Question

A square aluminium rod is $1m$ long and $5mm$ on edge. What must be the radius of another aluminium rod whose length is $1m$ and which has the same resistance as the previous rod?
A. ${\text{5}}{\text{.0mm}}$
B. ${\text{4}}{\text{.2mm}}$
C. ${\text{2}}{\text{.8mm}}$
D. ${\text{1}}{\text{.4mm}}$

Answer 1

Resistance is measured in resistivity. The electrical resistance of the conductor is directly proportional to the length of the conductor and inversely proportional to the area of the cross-section. It can be expressed as $R = \dfrac{{\rho L}}{A}$ where $\rho$ is the resistivity of the material.

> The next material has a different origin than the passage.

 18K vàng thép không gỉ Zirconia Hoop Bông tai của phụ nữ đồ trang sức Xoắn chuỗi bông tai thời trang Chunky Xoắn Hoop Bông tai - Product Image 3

Complete step by step answer:
Let us suppose that the radius of the aluminium rod is $= r$
The radius of the another rod is $= r'$
Given that both the rods have the same length.
Therefore, $l = l' = 1m$
Since, both the rods are made up of the same material. Therefore they have the same resistivity.
$\rho = \rho '$
Hence, the resistance of both the rods are also equal.
$R = R'$
$\Rightarrow \dfrac{{\rho l}}{A} = \dfrac{{\rho 'l'}}{{A'}}$
Take common factors from both the sides of the equations and remove them.
$\Rightarrow A = A'$
$\pi r{'^2} = {\left( 5 \right)^2}$
Simplify the above equation and make the unknown radius r’ the subject –
$r{'^2} = \dfrac{{25}}{{\dfrac{{22}}{7}}} \\\ \implies r{'^2} = \dfrac{{25 \times 7}}{{22}} \\\ \implies r{'^2} = \dfrac{{175}}{{22}} \\\$
Take square-root on both the sides of the equation –
$\sqrt {r{'^2}} = \sqrt {\dfrac{{175}}{{22}}}$
Square and square-root cancel each other on the left hand side of the equation –

$$r' = \sqrt {7.95} \\\ r' = 2.81mm \\\$$

So, the correct answer is “Option C”.

Note:
Always check the given units for all the terms. Note down all the given terms and unknown terms and find the correlation amongst them for the required solution. Remember the basic formulas and the properties of physical terms to solve these types of word problems. Know the basic difference between the resistance and resistivity.